*STORED DATA:*

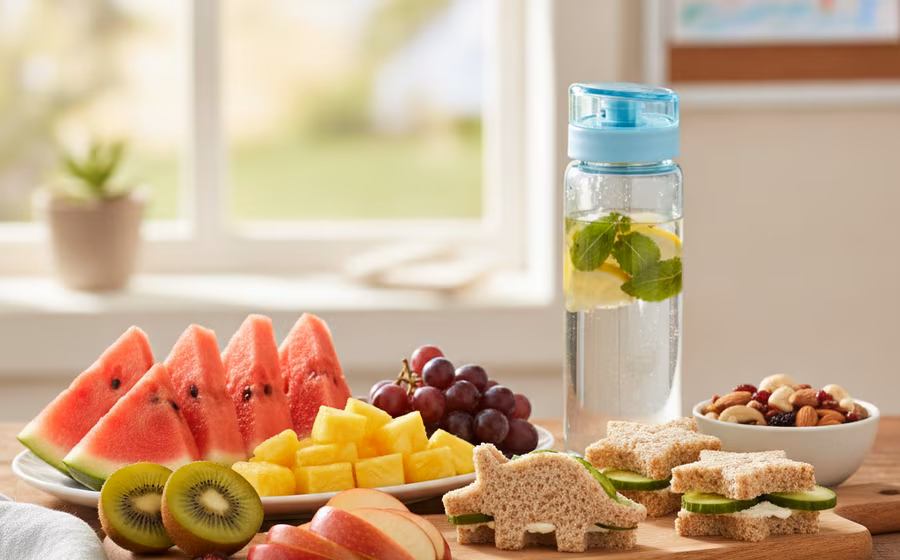 Nutrición para pequeños deportistas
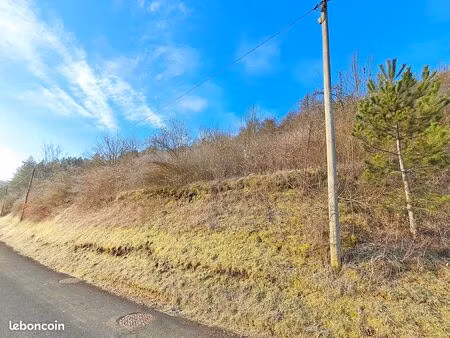 terrain 4728 m² marvejols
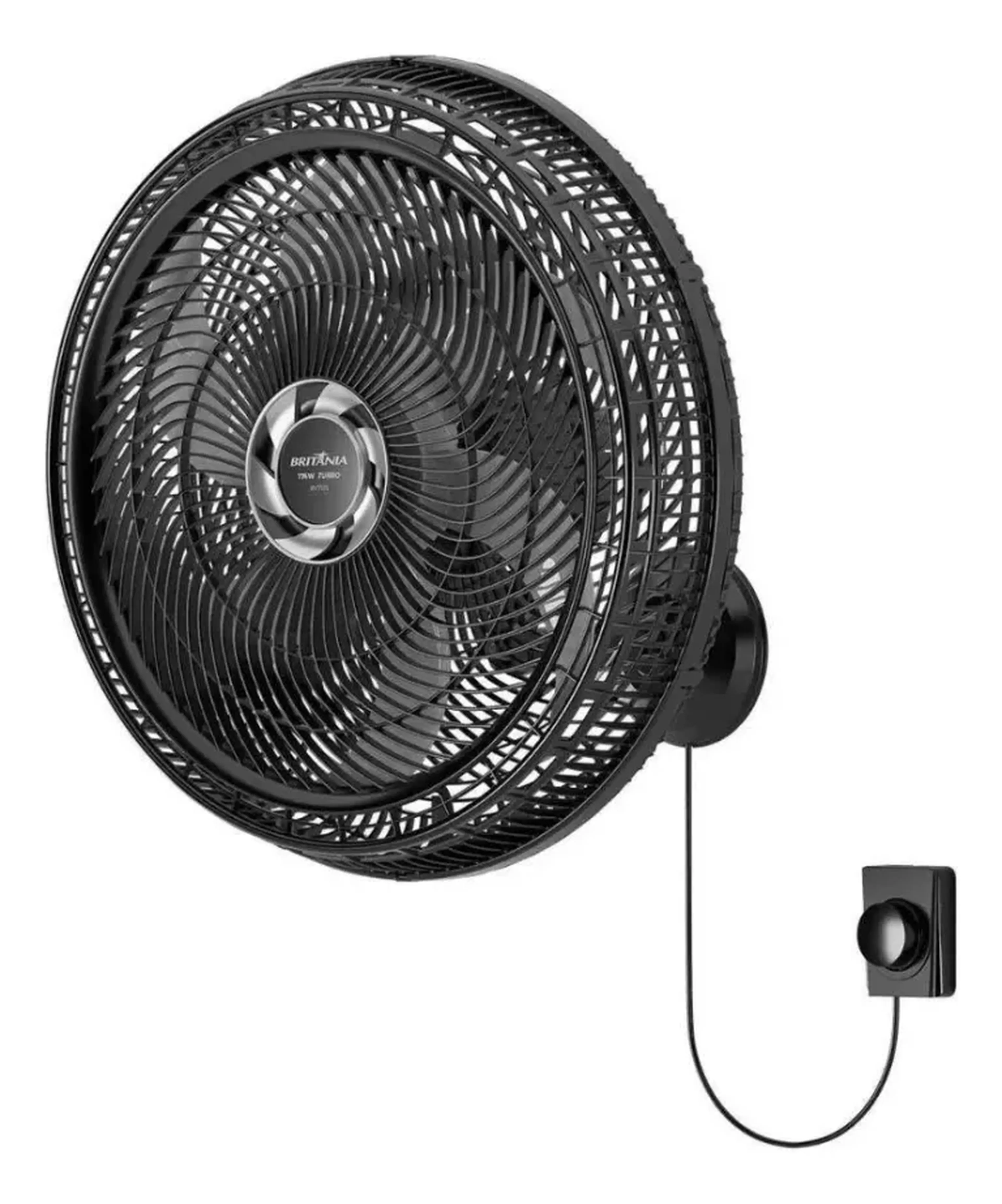 Ventilador de Parede Britânia BVT575 Maxx Force 6 Pás 176W 127V imagem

*WHAT TO WORK ON:* Only the pictures are to be left out; write out all the other data exactly.

*EXPECTED ANSWER:*
 Nutrición para pequeños deportistas
 terrain 4728 m² marvejols
 Ventilador de Parede Britânia BVT575 Maxx Force 6 Pás 176W 127V imagem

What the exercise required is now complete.